The community’s attempts to grieve are insufficient. So, too, are the Fowler’s own efforts at reconciliation. Dr. Fowler buries himself in his work, while Ruth surrounds herself with the haze of cigarette smoke and the sound of television. Their separate confrontations with Natalie, the killer’s wife, reveal their differing approaches to grief. Dr. Fowler tries to reach out and reintegrate himself into the community, but is restrained by his fear and passivity. His awkward attempt to seek reconciliation with Natalie is cut off by his own desire for her. Ruth prefers to wallow in her anger and bitterness. When Natalie tries to approach Ruth, the older woman responds with angry violence, isolating herself in the artificial soundtrack of her work with the community choir.
In their conversations with each other, the couple circle but seldom touch the silence of their grief. Perhaps they are afraid of their own anger and their guilt over the way they raised their son, which is the source of so much of this grief. Eventually their silence explodes into confrontation. A sort of reconciliation follows, but it is not reconciliation into their greater community. Rather, by reconciling himself to his wife, Dr. Fowler has resigned himself to her way of solitude and self-righteousness.
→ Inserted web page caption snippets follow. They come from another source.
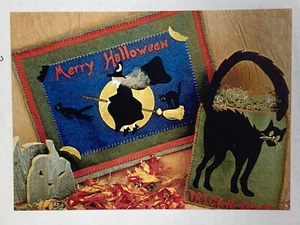 Vintage rosmarino coniglio buon Halloween appendiabiti da parete e dolcetto o trattamento borsa modello feltro - Foto 1 di 3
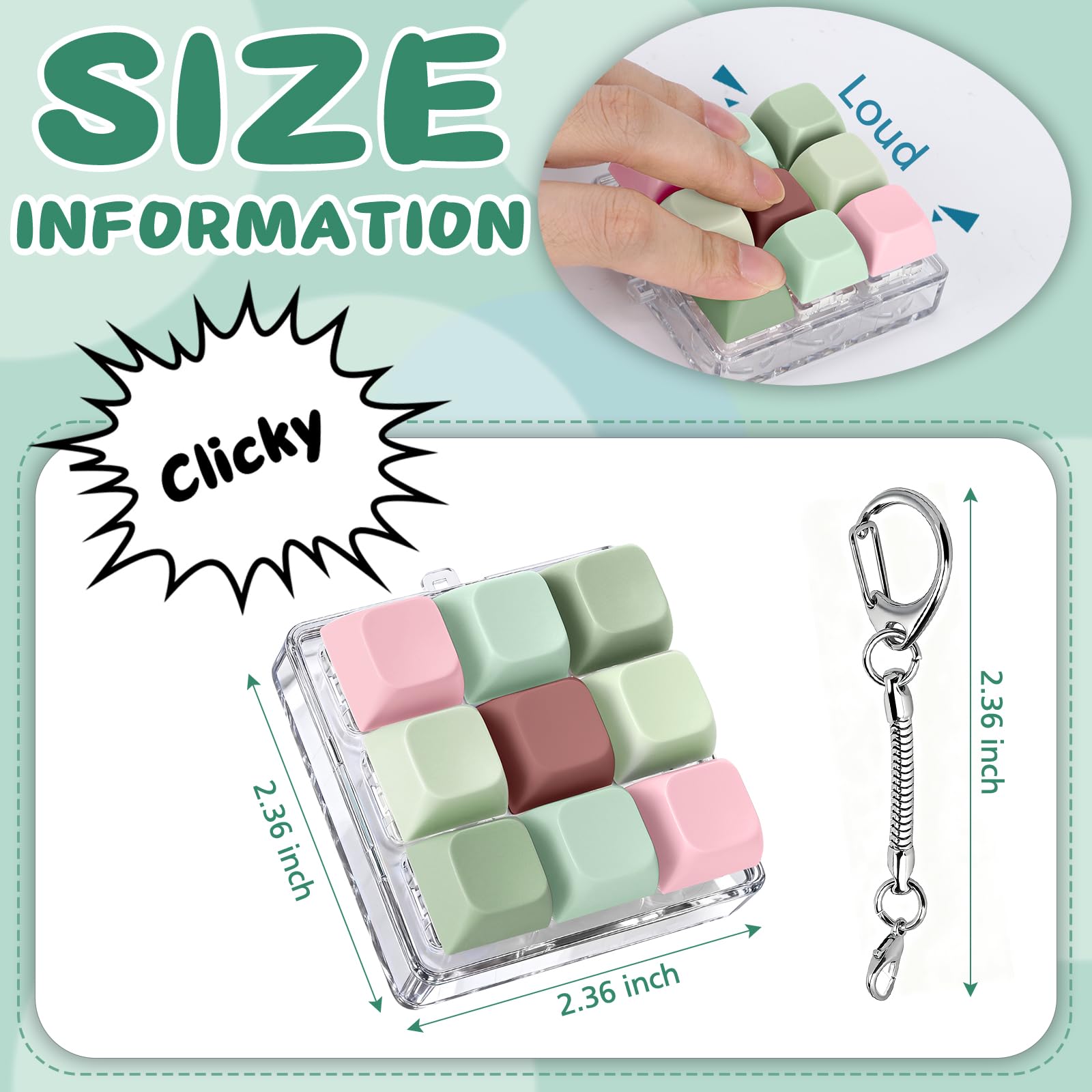 Axlksia keyboard fidget toy side view showing compact design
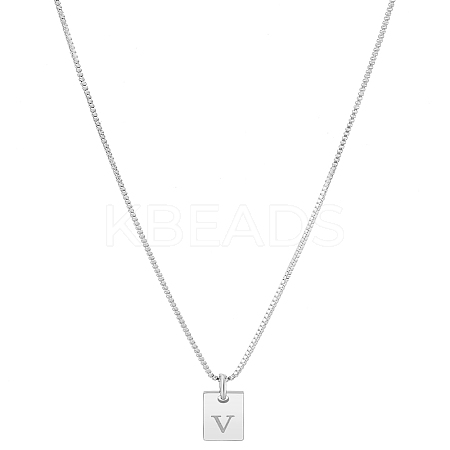 1Pc Stainless Steel Letter Rectangle Pendant Necklaces NJEW-LP0001-34V-P-1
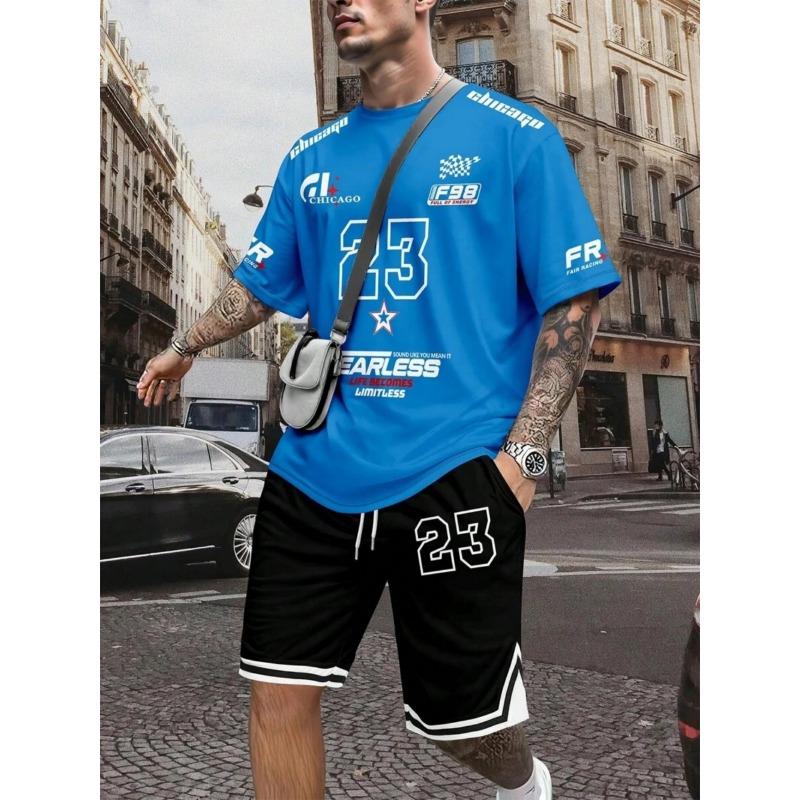 Men's Breathable Round Neck T-shirt Shorts Set with Digital Printing Outdoor Casual Two-piece Set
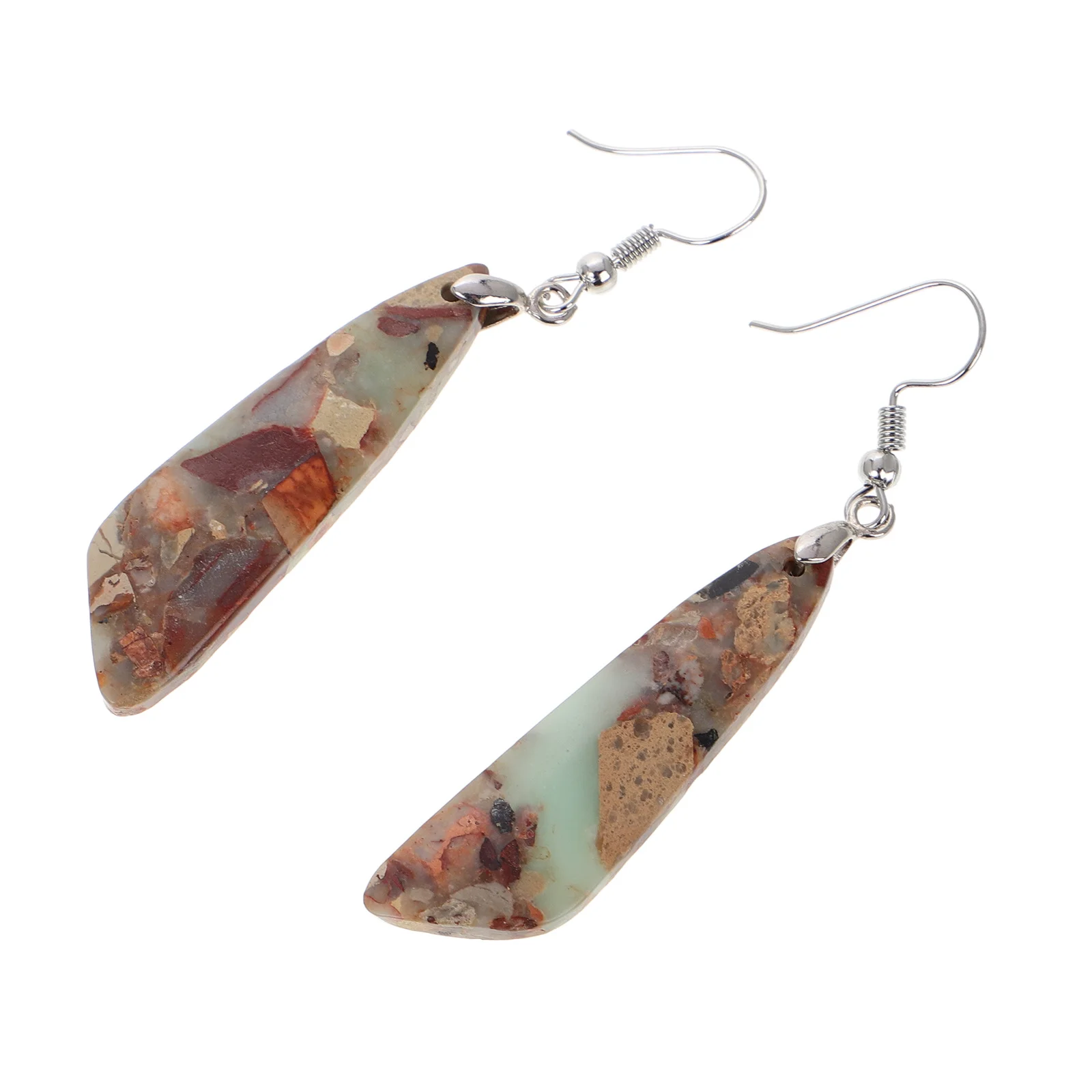 

1Pair Geometric Dangle Earrings Boho Lightweight Stone Drop Earrings Women Party Statement Retro Costume Jewelry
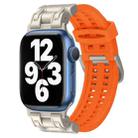 For Apple Watch Series 7 45mm Mecha Two Claw Silicone Watch Band(Orange) - 1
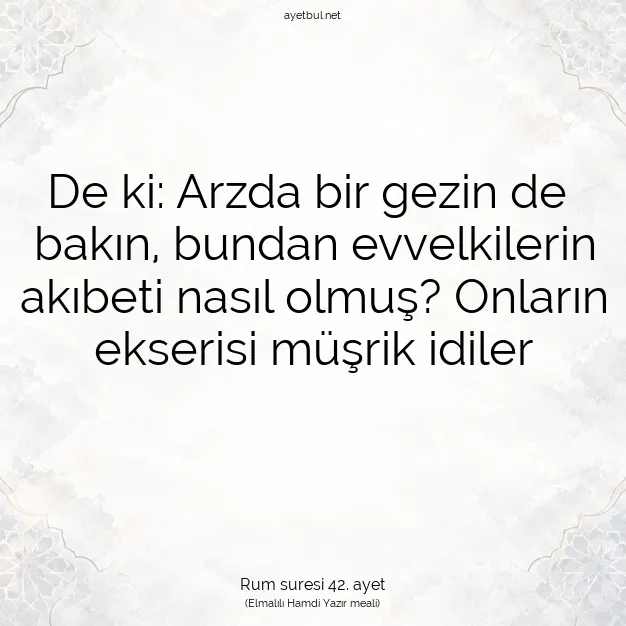 Ayetbul | Kuran Mealleri | Quran | Rum suresi 42. ayet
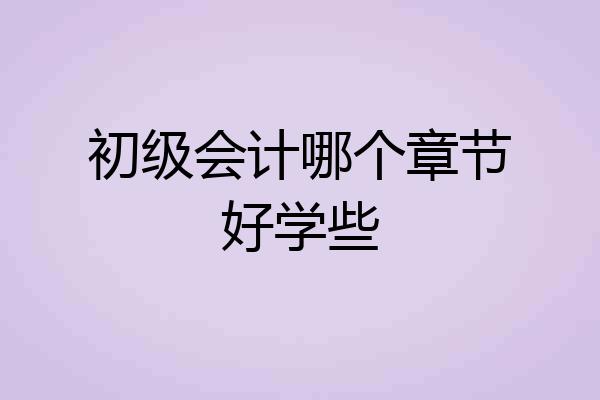 初级会计哪个章节好学些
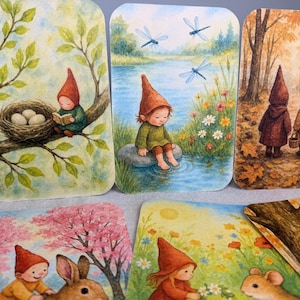 May include: A set of illustrated art cards depicting gnomes in nature. Scenes include a gnome reading, one by a lake with dragonflies, and others in autumn and spring settings. Each card has a unique, idyllic scene.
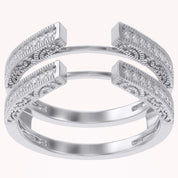 Cathedral Guard Enhancer Wedding Ring Cubic Zirconia Sterling Silver
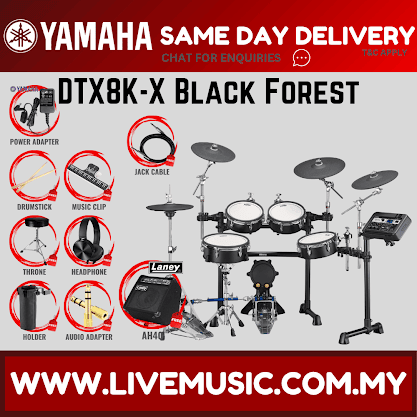 Yamaha DTX8K-X Electronic Drum Set With Laney AH40 Amplifier And Drum Throne - Black Forest ( DTX8 / DTX8K / DTX8KX )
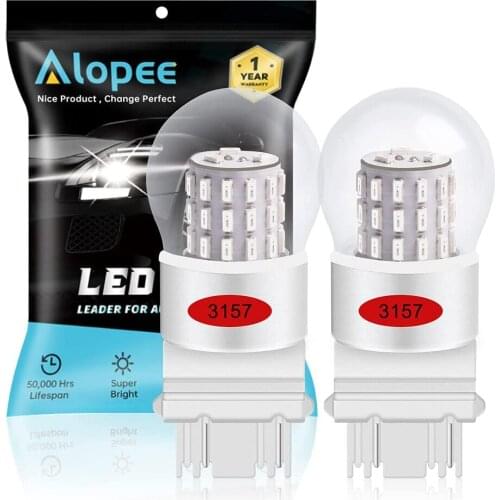 2-Pack 3156 3157 3056 3057 AK-3014 39 SMD Super Bright Low Power Red LED Light for 12V DC Car Brake Lights Tail Bulb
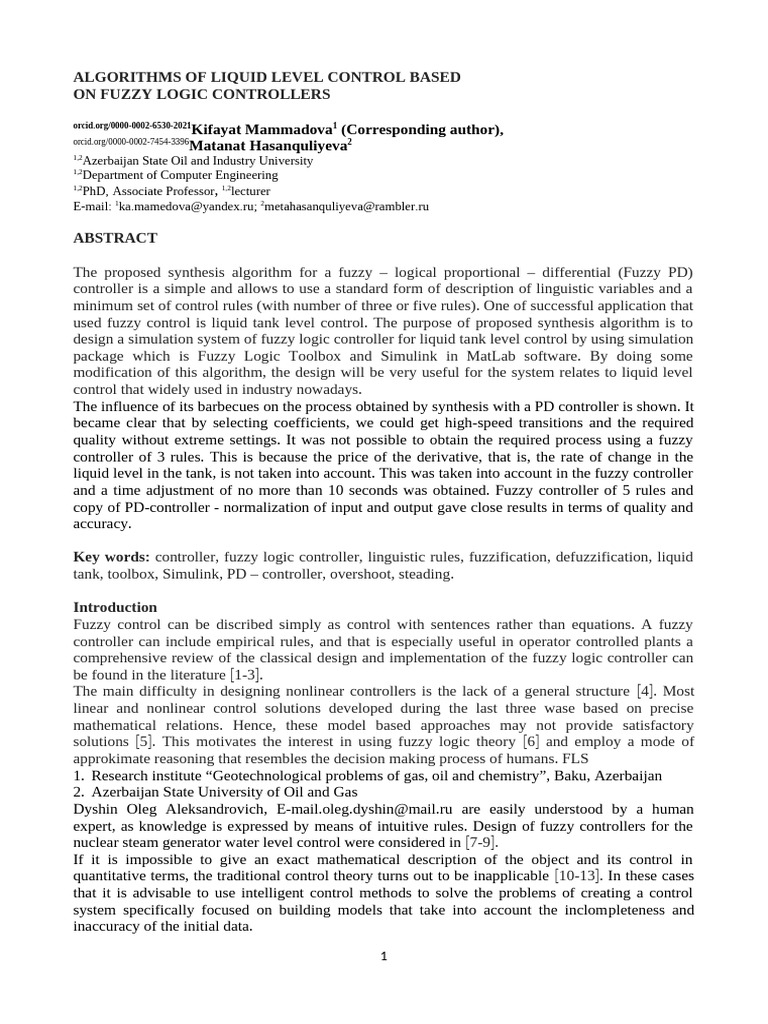 Fuzzy Logic Controllers for Liquid Level Control | PDF | Control Theory ...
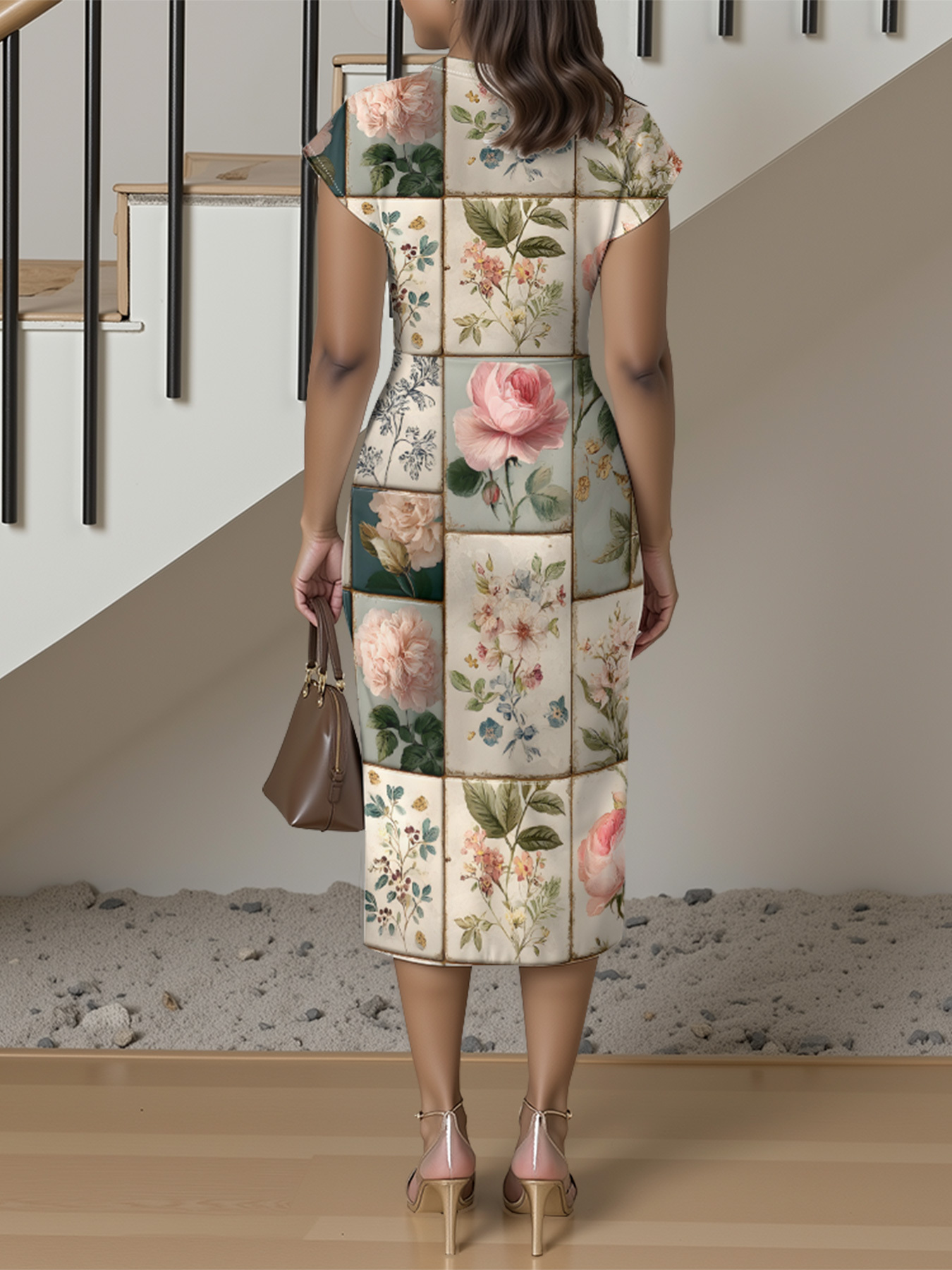 Vintage Botanical Tile Rose Cap Sleeve V-Neck Midi Dress IUO6823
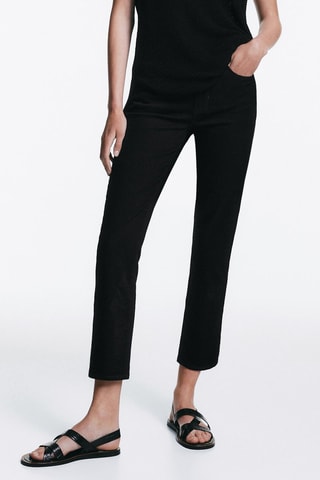 Jean cropped taille mi-haute slim fit - Noir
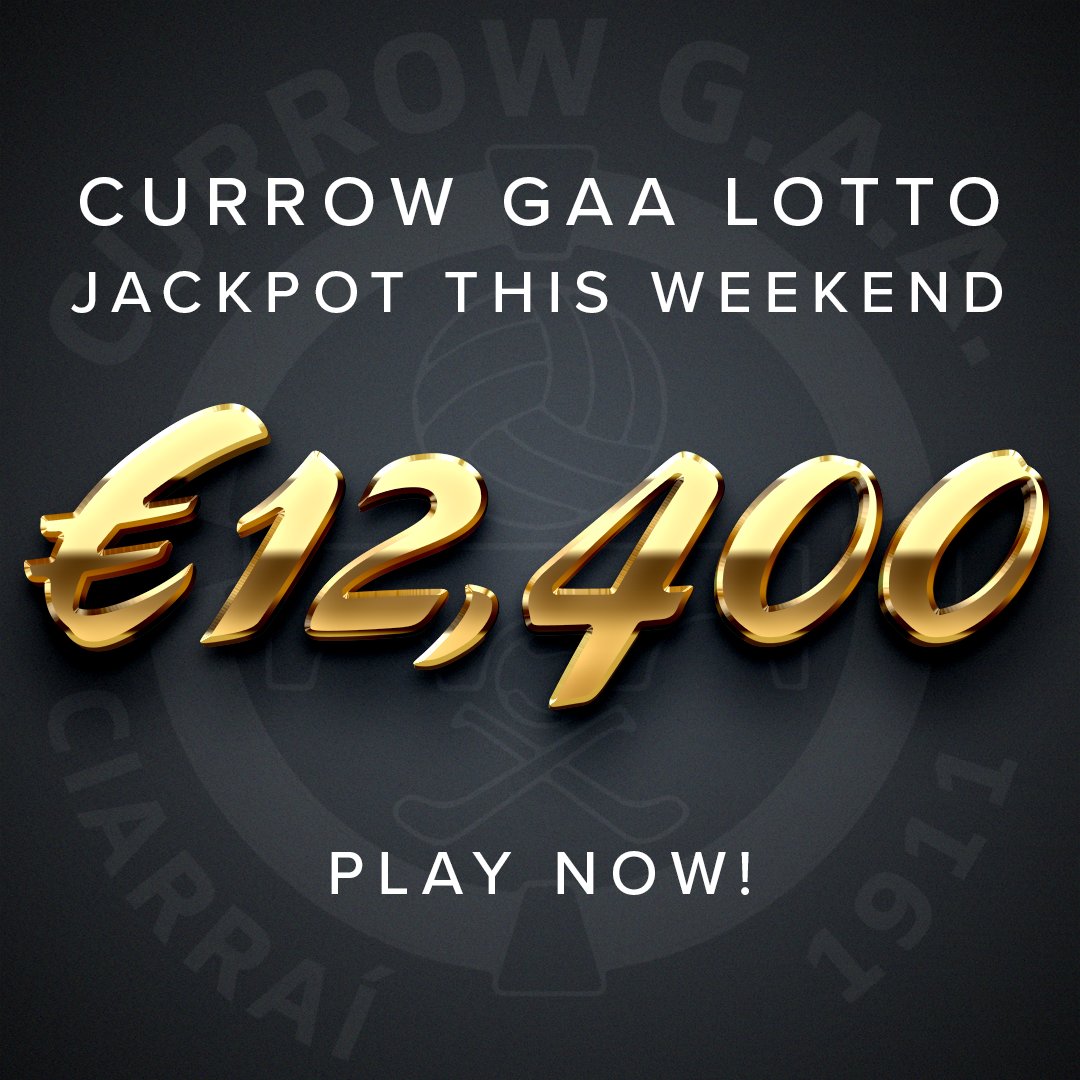 Our lotto jackpot increases €12,400 this weekend!

With GUARANTEED WINNERS every draw, why not play now at https://t.co/Om5j6GhCf8 or at our usual outlets!

#lotto #jackpot #powerball #lottery #gaa #kerry #kerrygaa #currow #currowgaa https://t.co/anBaFyaEdK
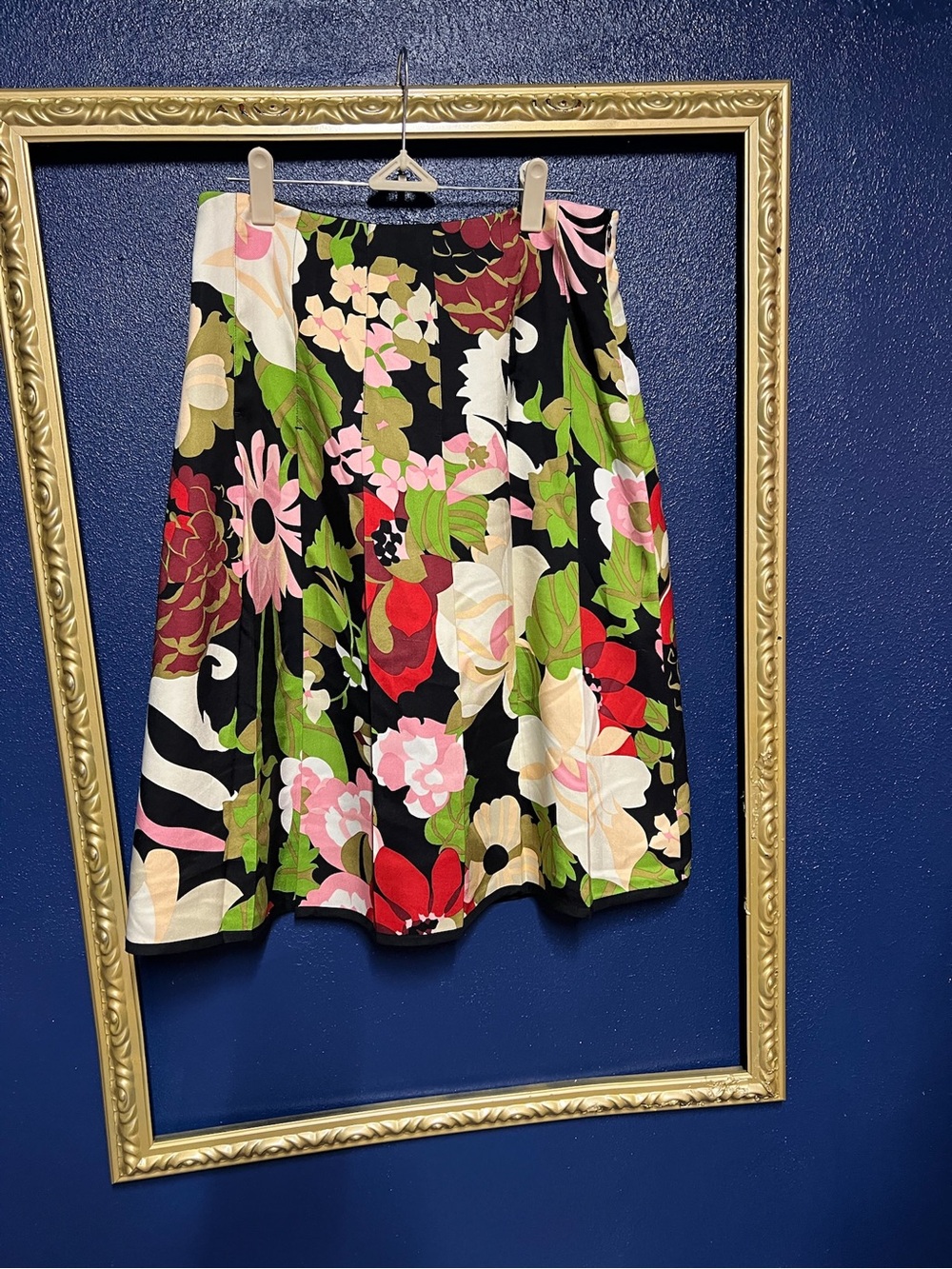 Talbots Black Floral Circle Skirt with Pink, Red & Green Blooms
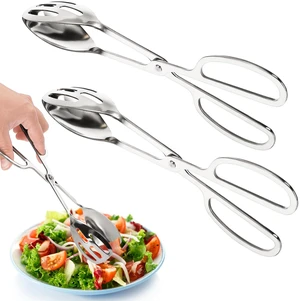 2-Piece Buffet/Salad Tongs 10-Inch Stainless Steel Serving Tongs (Bread Tongs) with Scissor-Style Handles Suitable for Kitchen and Party Use 2-Piece Buffet/Salad Tongs 10-Inch Stainless Steel Serving Tongs (Bread Tongs) with Scissor-Style Handles Suitable for Kitchen and Party Use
To do away with his son’s killer, Dr. Fowler leaves the lights of his community and enters the dark woods that surround it. Until now, the ocean around the town has been treated as a commodity by the community and has been depicted by the camera straightforwardly. When the revenge murder begins, the film’s style changes. Nature takes on a mystical, haunted quality. The victim’s face, reflected in a rearview mirror, floats against an eerily moving background of dark woods. A pale moon dances through the trees and hovers over the dark sea waters. The harsh red lamp of the bridge reflects on the faces of Dr. Fowler and his friend-cum-accomplice, while the bridge keeper works the misty waters like a watchman over a city gate. Dr. Fowler has left the community behind and now dwells on the threshold of life and death.
This imagery continues even when Dr. Fowler arrives back home, the killing complete. His house feels different in predawn light, with the wind disturbing the window’s white drapes. He strips off his clothes and desperately tries to wash himself clean of the mud and guilt. But he cannot baptize himself. He collapses into his bed, curling away from his wife and into the fetal position. His act seems to have freed her. She smokes and chats cheerfully, leaving him to go prepare breakfast. Yet when she leaves the bedroom, he remains shrouded in the smoke of her cigarette and is kept from the peace of sleep. The film ends with Dr. Foster isolated and alone.